To convert the angular speed from rev/s to radians/s, multiply by 2\pi. To go from angular speed in radians/sec to linear speed, use v = \omega r.

You can also use a different formula for centripetal acceleration:

a_{r} = \frac{v^{2}}{r} = \omega^2 r

 

[tiny-tim]

Hi blue!

Definitely use Doc Al's formula:

a_{r} = \frac{v^{2}}{r} = \omega^2 r

And even more important:

r = diameter/2 ​

 

[blue5t1053]

To convert the angular speed from rev/s to radians/s, multiply by 2\pi.
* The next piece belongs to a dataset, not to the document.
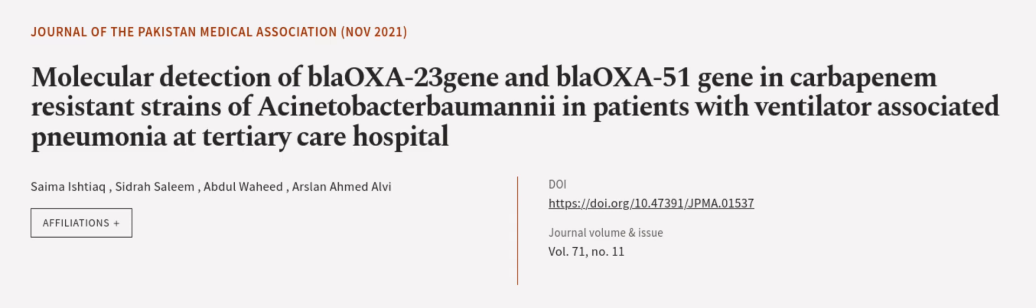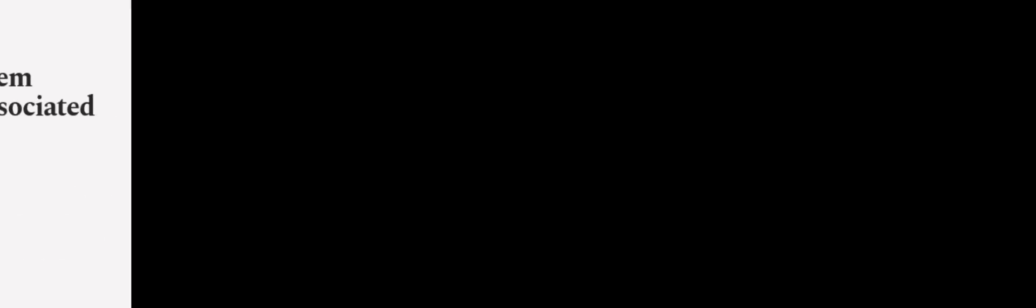This article was authored by Saima Ishtiaq, Sidra Saleem, Abdul Waheed, and others. We are article.tv, links in the description below.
To go from angular speed in radians/sec to linear speed, use v = \omega r.

You can also use a different formula for centripetal acceleration:

a_{r} = \frac{v^{2}}{r} = \omega^2 r

2 \times \pi \times \frac{.55 rev}{sec} = 3.45575 \frac{rad}{sec}

\frac{3.45575 \frac{rad}{sec}}{.36 m} = 9.59931\frac{m}{sec}

(9.59931 \frac{m}{sec})^{2} \times .36 m = 33.1728 \frac{m}{sec^{2}}

Is this correct?

 

[blue5t1053]

Oh my, I forgot about radius, haha. I was too concerned with the conversion to meters from centimeters!

 

[Doc Al]

\frac{3.45575 \frac{rad}{sec}}{.36 m} = 9.59931\frac{m}{sec}

Multiply (not divide) by the radius (not the diameter) to find the linear speed.
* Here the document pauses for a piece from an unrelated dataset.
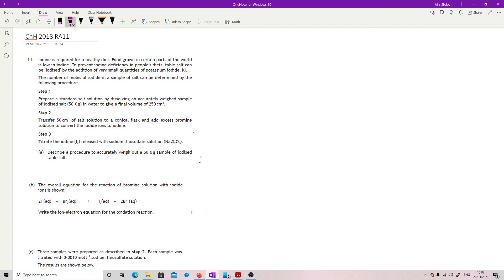Question 11 is a titration question. Iodine is required for a healthy diet. Food grown in certain parts of the world is low in iodine. To prevent iodine deficiency in people's diets, table salt can be iodized by the addition of very small quantities of potassium iodide. The number of moles of iodide in a sample of salt can be determined by the following procedure.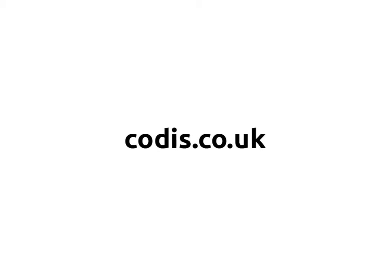For more information, visit our website at codis.co.uk.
(9.59931 \frac{m}{sec})^{2} \times .36 m = 33.1728 \frac{m}{sec^{2}}

When using linear speed to find the radial acceleration, divide by the radius. If you use my alternate formula and angular speed (in rad/s, not m/s), then you can multiply by the radius. Don't mix up the two versions of the formula for radial acceleration.

 

[blue5t1053]

2 \times \pi \times \frac{.55 rev}{sec} = 3.45575 \frac{rad}{sec}

3.45575 \frac{rad}{sec} \times .18 m = .622035 \frac{m}{sec}

\frac{(.622035 \frac{m}{sec})^{2}}{.18 m} = 2.1496 \frac{m}{sec^{2}}

Thank you!

 

[tiny-tim]

… don't save words …

Hi blue!

General tip: put \omega (or whatever) at the beginning of your lines, so you remember what each line is.
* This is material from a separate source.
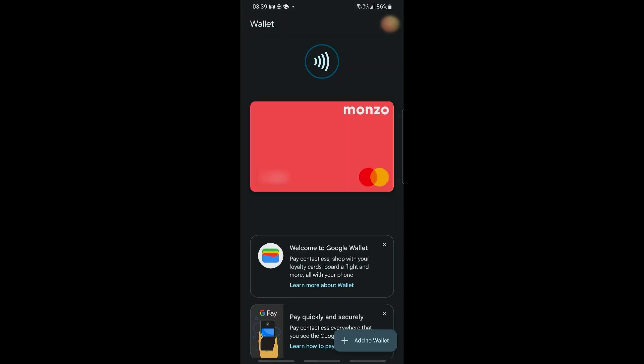Now once that is done, you should be able to see something like this. I have connected my Monzo card right here, and as you can see, you can go ahead and start using this to pay with your Google Wallet.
Your first line should begin \omega\,=.

Your second line should begin \omega^2r\,=.

But because you're trying to save words, you're getting completely mixed up, and even in this post you've only got \omega r.

 

[Doc Al]

2 \times \pi \times \frac{.55 rev}{sec} = 3.45575 \frac{rad}{sec}

3.45575 \frac{rad}{sec} \times .18 m = .622035 \frac{m}{sec}

\frac{(.622035 \frac{m}{sec})^{2}}{.18 m} = 2.1496 \frac{m}{sec^{2}}

Thank you!

Looks good. (But you would be wise to follow tiny-tim's advice about labeling your equations.)